C’est comme si la moitié de moi s’était écroulée. A l’occasion d’un test sanguin familial, Hideaki Kato a découvert par hasard il y a dix ans, que son véritable père n’était pas celui qui l’a élevé, mais un donneur de sperme anonyme.

 

Soupçonnant au départ une infidélité, Hideaki, aujourd’hui âgé de 39 ans et médecin dans la région de Tokyo, a commencé à interroger sa mère, profitant d’une absence pour voyage d’affaires de celui qu’il avait toujours considéré comme son père.

Hideaki a appris alors que son père biologique était un donneur de sperme, dont l’identité n’avait pas été révélée.

L’incapacité de ses parents d’avoir un enfant lui avait toujours été cachée.

Et je me suis dit: alors tous ces visages souriants de ma famille à la plage quand j’étais gosse, c’était du cinéma?

Passé le choc, Hideaki a voulu en savoir plus, mais il s’est heurté à un double mur: les réticences de ses parents, et une absence totale de lois au Japon permettant d’avoir accès aux dossiers de filiation biologique.

Pour des milliers de personnes dans ce pays, comme ailleurs dans le monde, issues d’un don anonyme de sperme ou d’ovocytes, c’est une souffrance et un défi.

Beaucoup souffrent de crise d’identité en apprenant les circonstances de leur conception, cherchent parfois à connaître d’éventuels frères et soeurs, ou craignent de tomber amoureux sans le savoir d’un demi-frère ou d’une demi-soeur.

La question de l’accès des couples de lesbiennes à la Procréation médicalement assistée est débattue en ce moment en France en marge d’un projet de loi visant à permettre aux homosexuels de se marier.

De nombreux fils et filles de personne cherchent désormais au Japon à changer cette loi qui les empêche d’en savoir plus et d’avancer.
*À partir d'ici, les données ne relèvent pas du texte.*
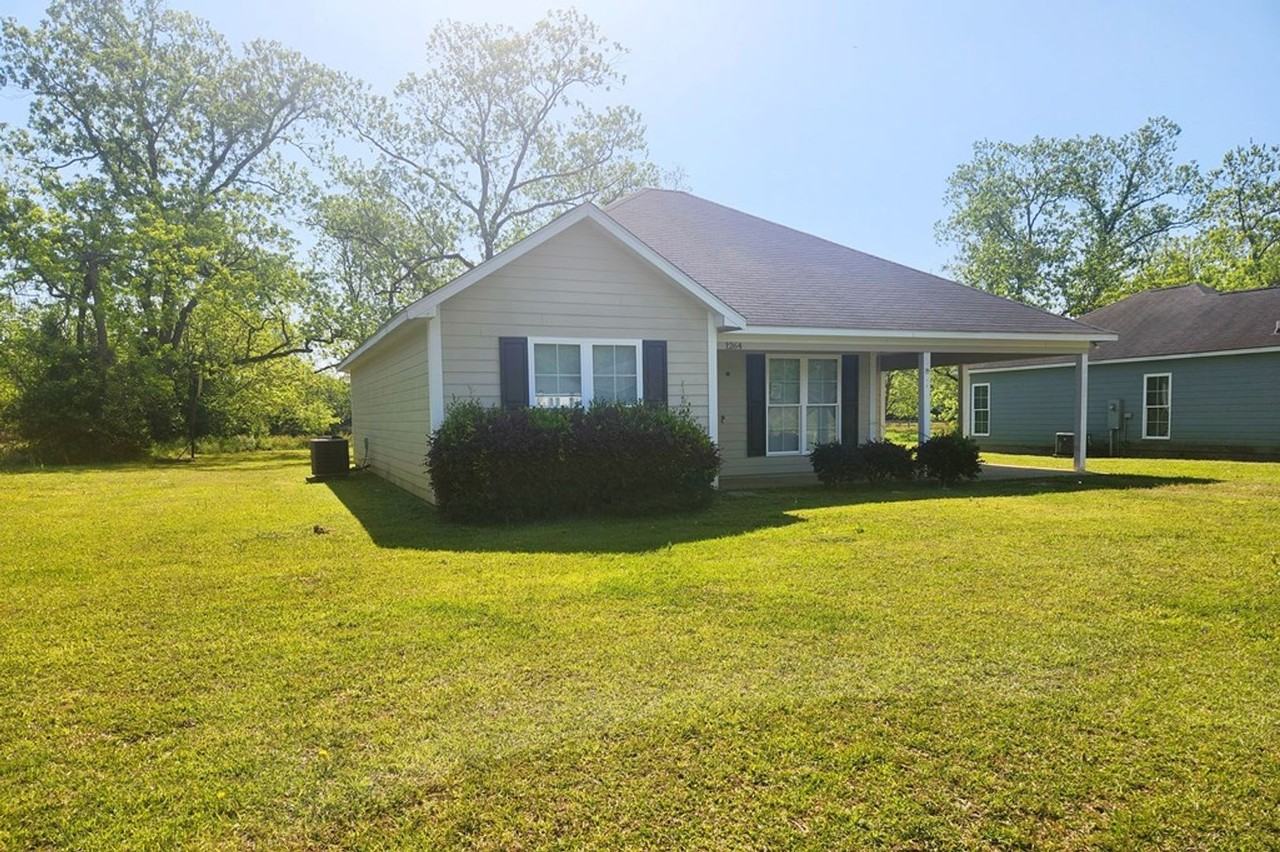 1264 Askew Dr Ne - Photo 2 of 15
Comme cette jeune femme de 33 ans, employée d’une maison d’édition de la capitale, qui préfère garder l’anonymat.

Il y a dix ans, elle tombe de très haut en apprenant que son père chéri n’est pas son créateur. Effondrée, elle quitte l’université.

 

Les droits des enfants doivent primer

 

Je veux qu’on interdise ça ! dit-elle encore aujourd’hui en parlant des donneurs anonymes. L’adoption devrait suffire. Pour moi cette technologie n’est qu’un moyen de prétendre que vous êtes une famille normale, un moyen de cacher une infertilité dans une société où la pression est encore très forte pour se marier et avoir des enfants, dit-elle.

Moi, même si j’en avais besoin, je ne voudrais pas d’enfants conçus à partir du sperme ou de l’ovocyte issus d’un don, je ne voudrais pas qu’ils vivent ce que j’ai vécu, dit-elle avec une émotion à peine contenue.

Au Canada, la Cour suprême de Colombie Britannique a reconnu en 2011 le droit des enfants issus de don d’avoir accès à l’identité de leur parent biologique, mais cette décision a été rejetée en appel en novembre dernier.

Les droits et besoins des enfants doivent primer. J’ai de la compassion pour ceux qui souffrent d’infertilité, mais le désir de connaître ses origines génétiques doit être respectés, a expliqué à l’AFP Olivia Pratten, à l’origine de la procédure canadienne.

Obstiné, Hideaki tente encore de son côté de retrouver la trace de son père biologique, à partir notamment d’une liste d’anciens étudiants, donneurs de sperme potentiels, d’une université de médecine japonaise, que ses parents avaient consultée pour leur problème d’infertilité. Quand il a tenté de rendre visite à certains de la liste, il a été accueilli avec perplexité, voire méfiance.

Yahiro Netsu, qui dirige une maternité pionnière dans les traitements contre l’infertilité, est favorable à ce que les enfants aient le droit, un jour, de connaître leur véritable histoire génétique.

Si un enfant né d’un don est confronté à une crise d’identité, cela pourrait faciliter les choses s’il existe une vraie confiance entre lui et ses parents, juge-t-il.

Mari Saimura, professeur à l’université Tezukayama, est d’accord avec lui et estime qu’il faut absolument une loi.

Le Japon devrait arrêter cette technologie tant qu’il ne se dote pas de règles pour garantir aux gens le droit de connaître leur identité, estime-t-elle.

Mais, poursuit-elle, peu de progrès ont été faits en ce sens au Japon depuis dix ans, lorsqu’un rapport avait recommandé que les enfants soient informés tôt de leur véritable parenté biologique.

Hideaki ne désespère pas pour autant dans sa quête de racines. Je n’ai jamais oublié mon père biologique. J’ai toujours sur moi une liste de donneurs potentiels. C’est comme un talisman.

Pour autant il ne renie pas le papa voyageur qui l’a élevé. Je ne veux pas que mon père biologique devienne mon père tout court. Je veux juste savoir.